I'm having issues with the forum resizing bigger than my monitor.  Please see picture as no matter how much I zoom away the forum resizes as bigger.  Notice the scroll bars.  I'm on Chrome if that matters.

----------


## protonLeah

That seems like Chrome or Windows since the forum doesn't (can't) control the display properties.  Have you been experimenting with Windows Display settings such as resolution or font DPI?  Have you ever tried the Opera browser?

----------


## FDibbins

a while ago, i had a similar, but opposite problem, whereby all the test was confined to about 1/2 of the screen width.  no other change was evidident, but it sure made longish explanations go down a loooong way lol.  that was from work pcs using either 7 or vista and IE.  the problem resolved itself after a few weeks, just wanted to mentionthat

----------


## Mordred

> That seems like Chrome or Windows since the forum doesn't (can't) control the display properties.



Now that you pointed that out that makes perfect sense and have since slapped my forehead in shame.  



> Have you been experimenting with Windows Display settings such as resolution or font DPI?

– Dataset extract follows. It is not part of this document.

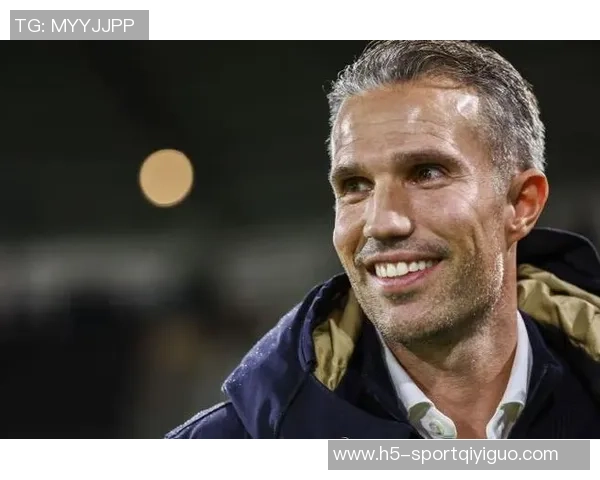 范佩西以教练身份为儿子首秀做决定表达期待与责任感 范佩西以教练身份为儿子首秀做决定表达期待与责任感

No but I just wiped my pc and did a Windows 7 re-install, I'm going to do some experimenting with my display settings. 



> Have you ever tried the Opera browser?



No I haven't, I've been using Chrome for about a year and was using Firefox before that.  I'm going to look into Opera and see if I like it.  

Thanks for this protonLeah, I'm sure you nailed it with regards to my display settings.  I'm going to mark this as solved and fix this up.

----------